TASK STATEMENT
Copy out the data from the line containing "Холостяцкая квартира" to its last line, exactly. No pictures.
SOURCE DATA below:
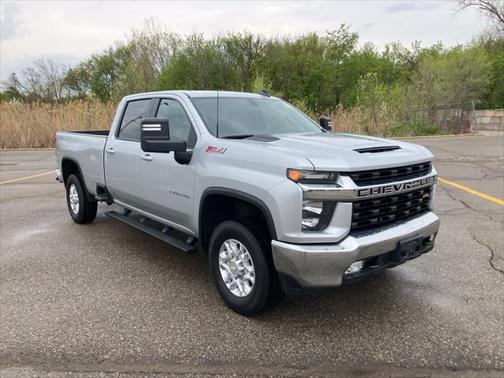 2022 Chevrolet Silverado 3500 LT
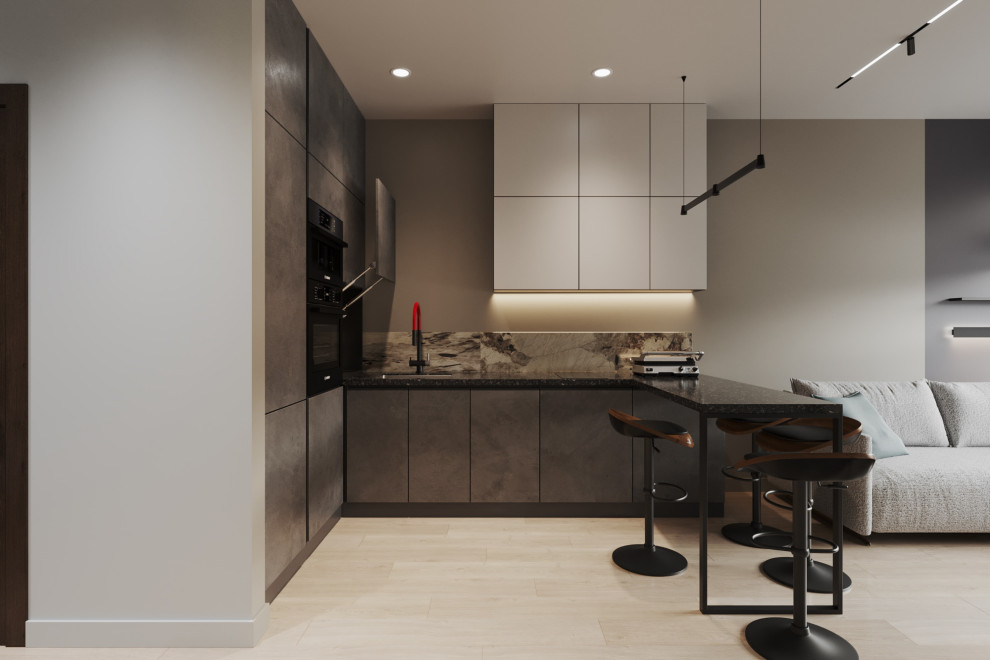 Холостяцкая квартира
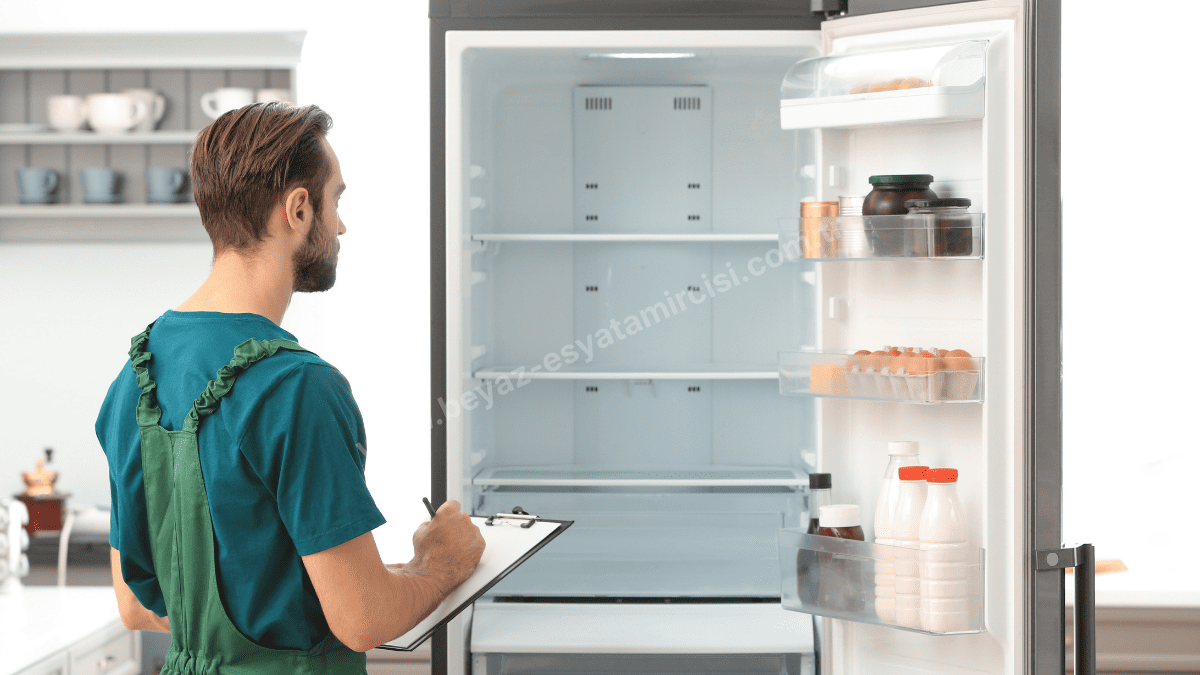 Aşkale Buzdolabı Servisi - Aşkale Beyaz Eşya Tamircisi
End of SOURCE DATA.
RESPONSE FOR THIS EXERCISE
 Холостяцкая квартира
 Aşkale Buzdolabı Servisi - Aşkale Beyaz Eşya Tamircisi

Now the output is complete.